§ Data for this task
+-------+

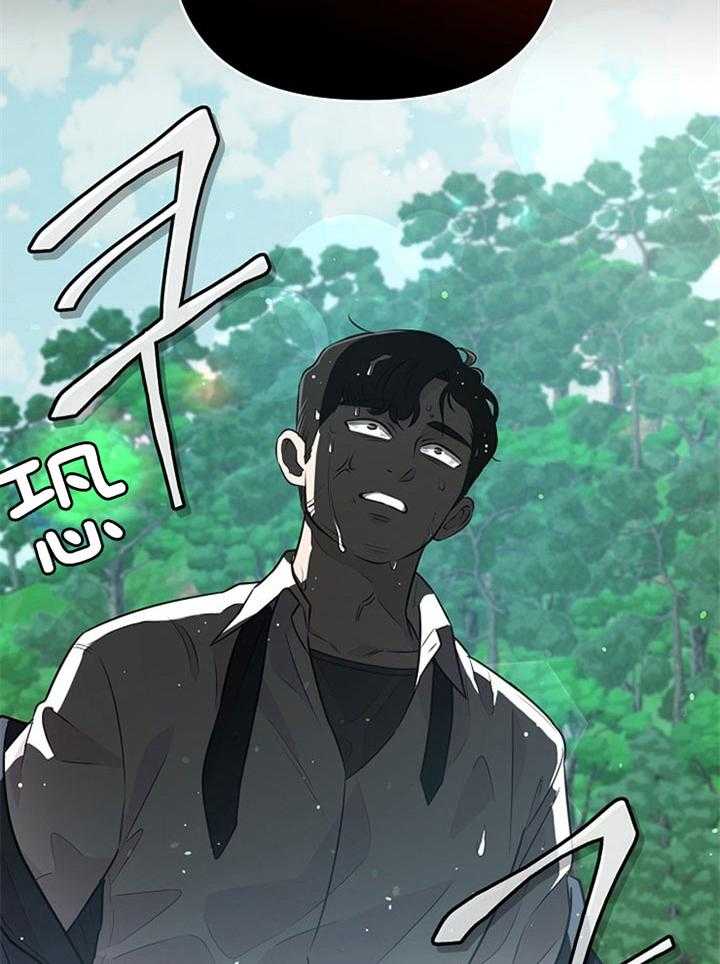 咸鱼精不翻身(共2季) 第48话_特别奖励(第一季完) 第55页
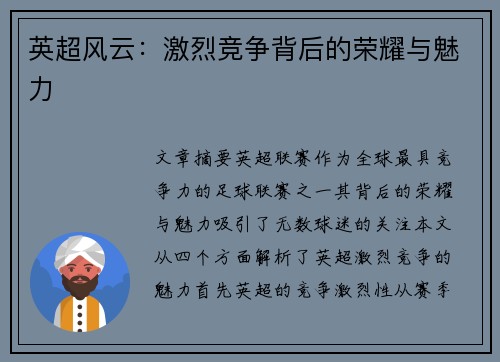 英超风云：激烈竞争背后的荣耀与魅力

+-------+

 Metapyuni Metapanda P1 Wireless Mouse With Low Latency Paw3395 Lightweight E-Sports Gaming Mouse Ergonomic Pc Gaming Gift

+-------+

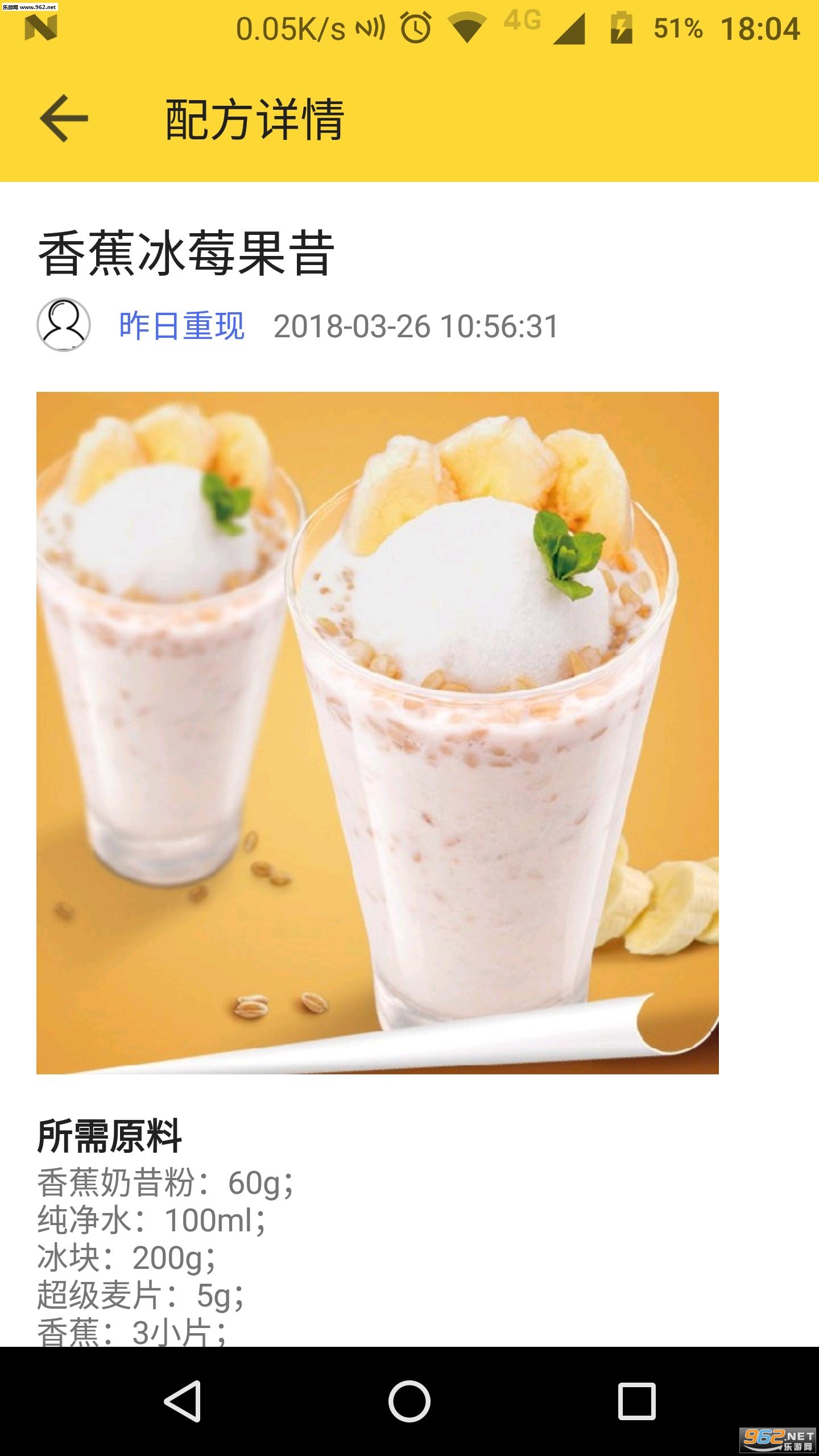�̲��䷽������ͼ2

+-------+

§ Work item
In the data above, start at the line holding "咸鱼精不翻身(共2季) 第48话_特别奖励(第一季完) 第55页" and stop after the line holding "英超风云：激烈竞争背后的荣耀与魅力"; write out those lines exactly, without pictures.

§ Answer space
 咸鱼精不翻身(共2季) 第48话_特别奖励(第一季完) 第55页
 英超风云：激烈竞争背后的荣耀与魅力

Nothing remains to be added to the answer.